Selon une définition très personnelle, le processus de création est soumis aux évolutions suivantes. D'abord nous vivons dans ce monde au quotidien, nous évoluons en permanence. Nous connaissons les marchés et les titres. Ensuite, dans chacun de leurs domaines, nos rédacteurs et rédactrices en chef connaissent leurs environnements concurrentiels et les tendances. A un moment donné, nous pouvons penser qu'il y a une place dans un segment C'est donc une intuition, basée sur l'observation permanente du marché et le travail quotidien. Après, on vérifie, on regarde des études de comportements, on se pose des questions sur la manière dont les gens vivent, passent leur temps, consomment. On essaie de valider cette intuition qui, dès qu'elle est un peu concrétisée, devient une idée. Lorsque l'on a vérifié l'idée, on se dit là on essaie ensemble. Ça vaut peut-être la peine d'investir un peu d'argent pour former une petite cellule de rédaction : cela devient un projet. A partir de ce moment, nous faisons un plan hypothétique d'investissement sur plusieurs années pour voir si un tel produit serait viable. Cela ne sert à rien de lancer une jolie maquette s'il n'y a pas vraiment de marché. Au moment où l'idée passe au stade de projet, il faut examiner le potentiel du marché. C'est là où l'intuition rejoint le marketing. Mais tout projet rédactionnel est avant tout le fruit d'une intuition.

Que vous testez comment ?


Au début, vous ne pouvez rien tester, un produit rédactionnel ne peut être testé qu'à partir du moment où vous avez quelque chose à soumettre, idéalement une maquette avec du texte. Les lecteurs ou les focus groupes ne vous diront jamais ce qu'il faut faire. Il faut leur soumettre quelque chose pour qu'ils puissent s'exprimer, réagir. Les chiffres ou les caractéristiques socio-démographiques, seules, n'ont pas de sens. Prenons le marché de la presse féminine : nous cherchons à détecter les besoins, les attitudes, et à comprendre les attentes et les comportements d'une jeune femme d'aujourd'hui. Si aujourd'hui, nous lancions Femme Actuelle ou Prima, ce serait évidement un autre produit que celui que nous avons lancé il y a vingt ans. La question à laquelle nous devons répondre est “en quoi serait-il différent ?”. Les études nous aident à y répondre, mais cela ne suffit pas à faire un journal. Pour cela, il faut les traduire de façon créative. C'est à nouveau un travail intuitif basé sur la connaissance du marché et appuyé par des études. Après, nous développons un prototype dans lequel le côté artisanal intervient. Quel ton donner au journal, quelles images choisir, quel typo utiliser ? Et tout cela par rapport au contenu. Lorsque l'on a réalisé toutes ces étapes et que le magazine est prêt, alors, on va en réunions de groupes pour soumettre le projet sous forme de maquette aux lectrices. En général, les réunions de groupes fonctionnent très bien avec des nouveaux produits, elles fonctionnent moins bien avec les existants

Pourquoi ?


Les gens connaissent ces produits ou titres trop bien. Ils ne les jugent jamais d'une manière totalement négative, mais ils peuvent être moins impliqués. En revanche, si vous injectez dans un environnement concurrentiel un nouveau titre, ils réagissent. Et c'est souvent formidable d'observer le degré d'approbation et de spontanéité.

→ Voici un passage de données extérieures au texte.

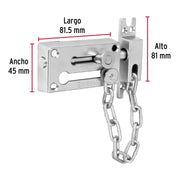 Pasador con cadena para puerta, acabado cromo mate, HERMEX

Que pensez-vous de l'arrivée massive des gratuits sur le marché ?


Nous ne faisons pas de gratuit, car je pense qu'un bon travail rédactionnel a une valeur et le lecteur devrait payer pour cela. La presse a deux jambes : la diffusion et la publicité. Maintenant, s'il est possible d'offrir de la qualité rédactionnelle en marchant sur une seule jambe, pourquoi pas ! Si ces éditeurs réussissent et peuvent être bénéficiaires, c'est bien. Mais je ne souhaite pas faire de la presse gratuite. Je souhaite que nous fassions les meilleurs produits rédactionnels, les plus puissants, les plus innovants. Pour cela, il faut de l'argent, et les deux sources de revenus. Vous ne pouvez pas faire, à mon avis, la qualité attendue si vous n'avez que 50 % du potentiel de revenus.

Avec des titres comme Capital ou Géo, vous disposez de plates-formes de marque que vous avez assez peu exploitées. Pourquoi ?


Nous ne l'avons tout simplement pas encore fait suffisamment. Jusqu'à présent, la situation économique nous permettait de faire des titres seulement. J'avais l'habitude de dire, autrefois, qu'un petit titre demande autant de travail qu'un grand, alors faisons des grands ! Dans des marchés saturés, ce principe n'est plus applicable de la même manière et nous recherchons bien sûr des sources de revenus complémentaires qui vont des hors-séries aux produits dérivés en passant par le merchandising. Heureusement, nous avons des grandes marques qui sont des réserves de développement rentable pour le futur. C'est donc une question de timing.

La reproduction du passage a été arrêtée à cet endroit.